Media-AnakNegeri // Lampung, 3 Januari 2025 – Harapan rakyat Indonesia akan perubahan menuju kesejahteraan kian pudar, hanya dalam kurang dari 100 hari sejak Kabinet Merah Putih dilantik pada 20 Oktober 2024. Pemerintahan yang dipimpin Presiden Prabowo Subianto dan Wakil Presiden Gibran Rakabuming Raka menuai sorotan tajam, terutama akibat kebijakan-kebijakan yang dinilai tidak pro-rakyat, seperti kenaikan Pajak Pertambahan Nilai (PPN) menjadi 12 persen.
Kebijakan ini datang di tengah kondisi ekonomi yang stagnan, memperburuk daya beli masyarakat dan meningkatkan risiko Pemutusan Hubungan Kerja (PHK) di berbagai sektor.
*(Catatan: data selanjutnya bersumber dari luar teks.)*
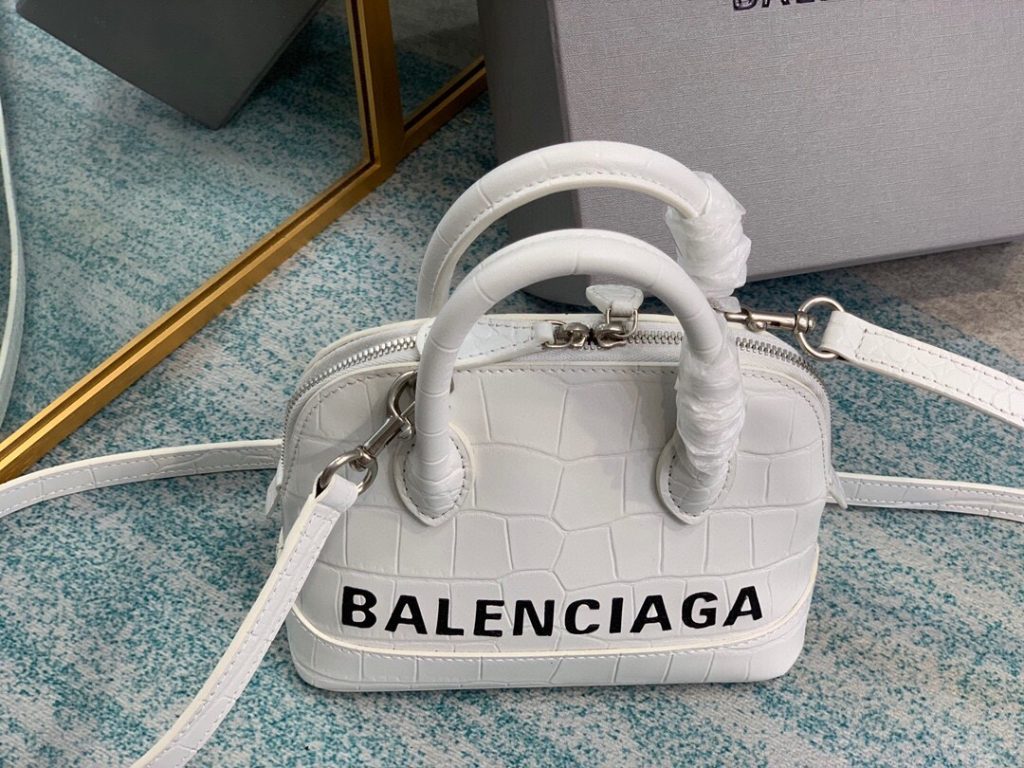 Balenciaga Ville Mini Handbag In White, For Women, Women’s Bags 7in/18cm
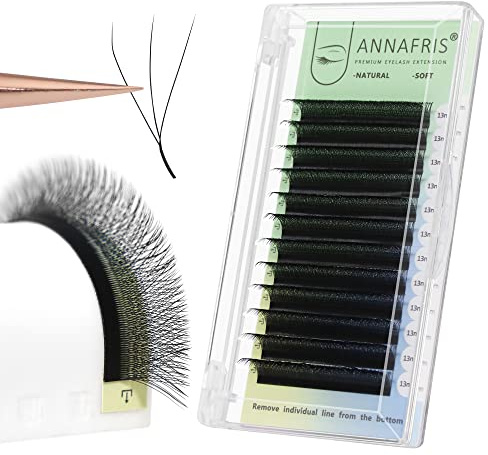 ANNAFRIS 3D Extensión de pestañas Pestañas de Volumen Prefabricadas en Forma de 3D W Individuales Naturales Extensión de pestañas postizas (0.07 C,MIX 8-12mm)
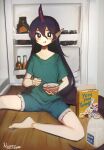  1girl :t absurdres aqua_shirt aqua_shorts bottle bowl box breasts bright_pupils cardboard_box commentary eating english_commentary english_text film_grain frilled_shorts frills hair_between_eyes highres holding holding_bowl horns long_hair milk_bottle nyztsune official_art_inset on_floor pointy_ears purple_hair purple_horns refrigerator shirt short_shorts shorts small_breasts t-shirt tail tenkajin_chiyari touhou toutetsu_yuuma white_pupils zun_(artist) 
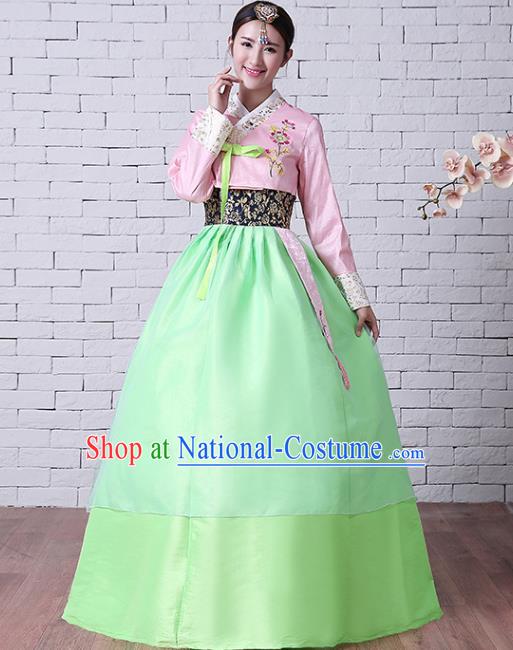 Asian Korea Wedding Clothing Classical Embroidered Pink Blouse and Green Dress Korean Court Hanbok Traditional Bride Fashion Garments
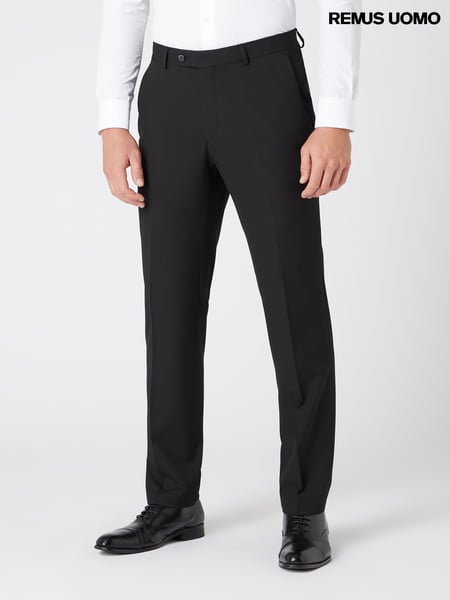 Remus Uomo Black Tapered Leg Stretch Formal Trousers (AV2439) | € 125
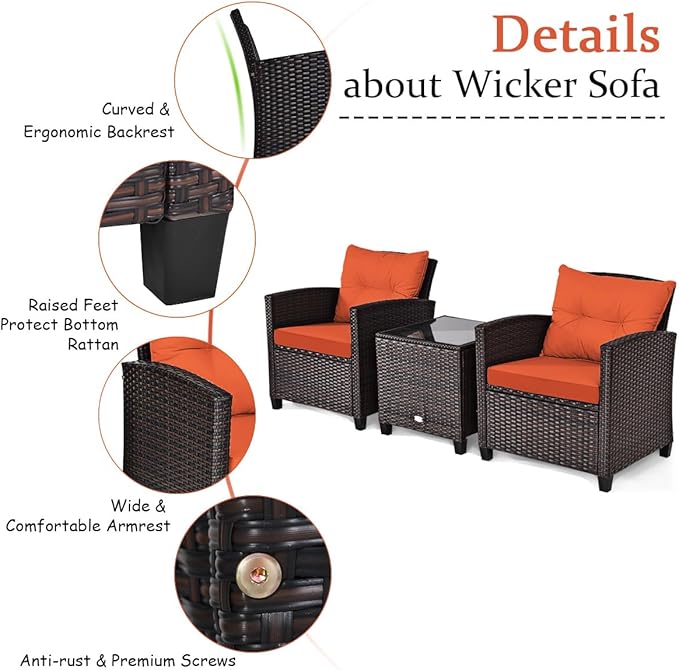 Tangkula 3 Pieces Patio Furniture Set, PE Rattan Wicker 3 Pcs Outdoor Sofa Set w/Washable Cushion and Tempered Glass Tabletop, Conversation Furniture for Garden Poolside Balcony (Orange)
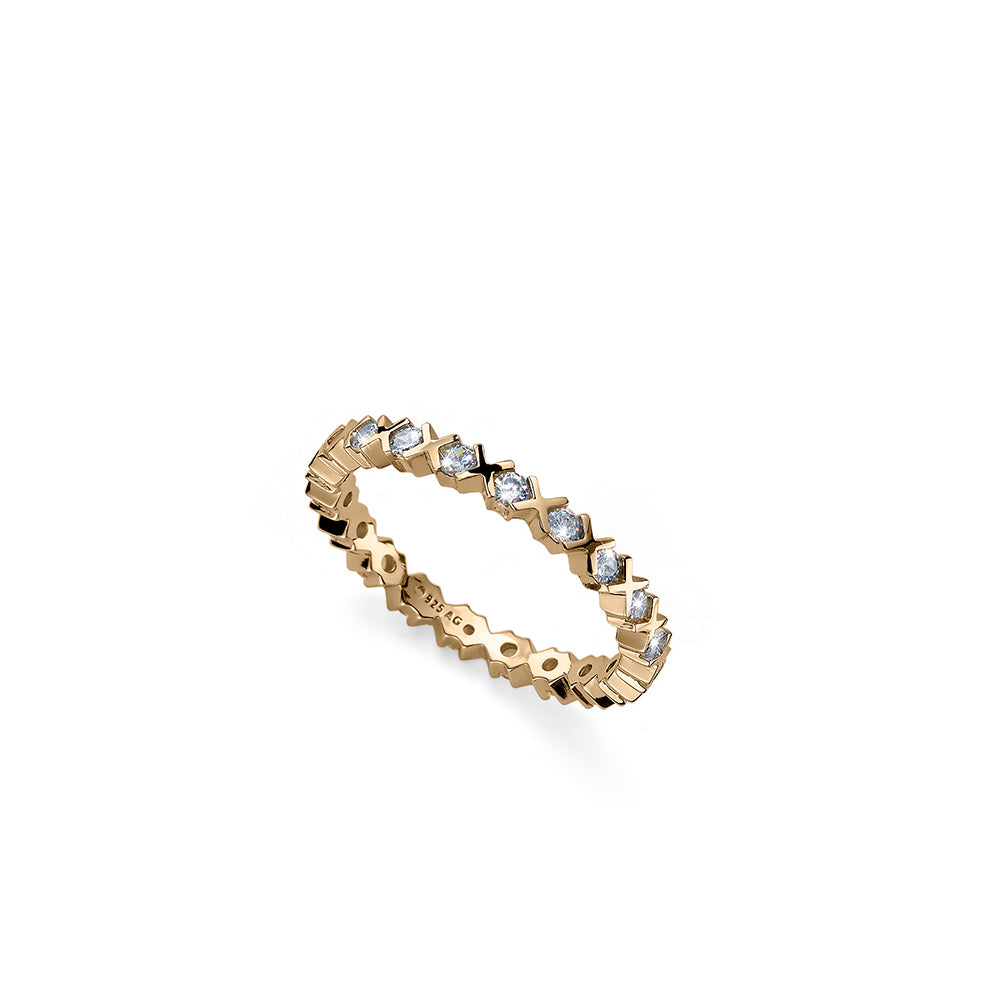 Vergoldeter Damenring mit Kristallen im X-Design – eleganter Modeschmuck von Crystalp“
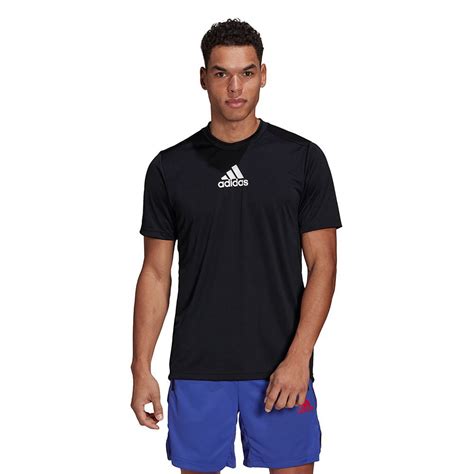 Adidas Primeblue Designed To Move Sport Stripes Short Sleeve T Shirt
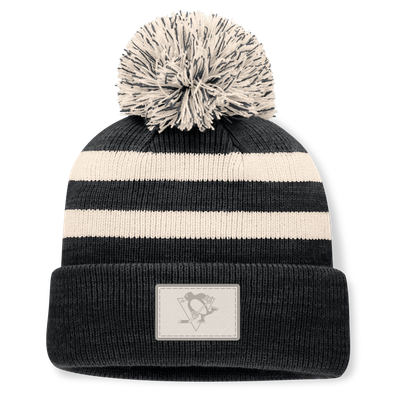  Pittsburgh Penguins Fanatics Women's Fundamental Cottage Cuffed Knit Hat with Pom - Black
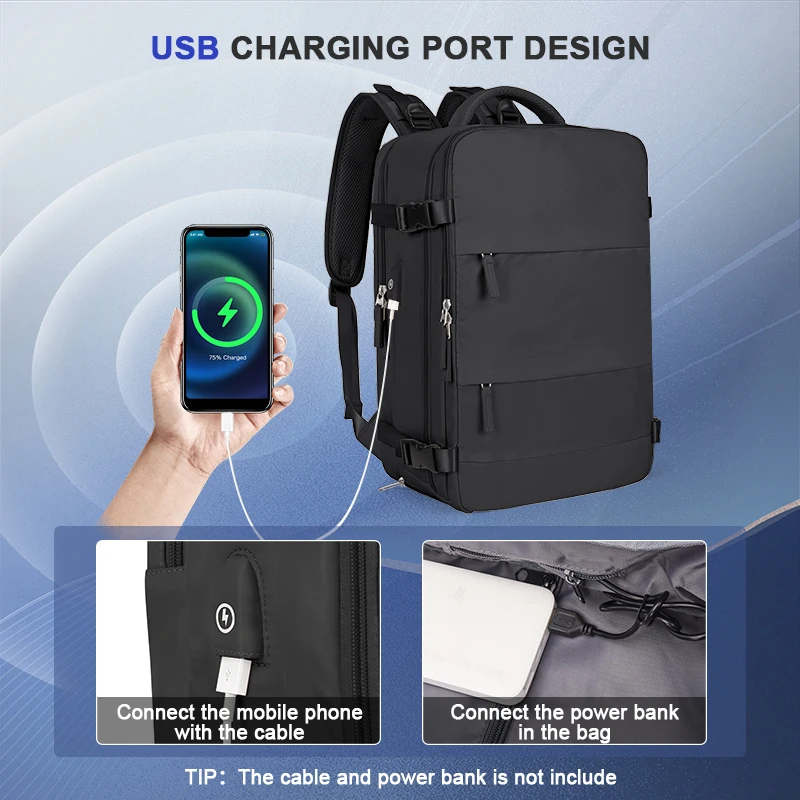 Large Travel Backpack For Men, Airline Flight Approved Waterproof Laptop Backpack, Anti Theft Carry-on Backpack, Hiking Backpack_voghion.com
Sepanjang tahun 2024, gelombang PHK telah melanda ribuan pekerja, memperlihatkan dampak nyata dari ketidakstabilan ekonomi nasional.
Namun, beban ekonomi rakyat yang kian berat ini diperparah oleh meningkatnya kasus korupsi di kalangan pejabat. Ironisnya, sejumlah kasus korupsi besar justru mendapatkan vonis ringan, bahkan muncul wacana pemaafan bagi koruptor dengan syarat pengembalian uang negara. Kebijakan ini memunculkan kekhawatiran bahwa penegakan hukum terhadap korupsi kian melemah.
Kesalahan Sistemik: Kapitalisme dan Demokrasi Transaksional
Masalah ini dianggap sebagai buah dari penerapan sistem ekonomi kapitalisme neoliberal yang mengedepankan kebebasan kepemilikan dan menyerahkan pengelolaan sumber daya alam kepada swasta. Akibatnya, negara kehilangan kendali atas sumber daya strategis, bergantung pada utang, dan membebankan pajak kepada rakyat secara tidak adil.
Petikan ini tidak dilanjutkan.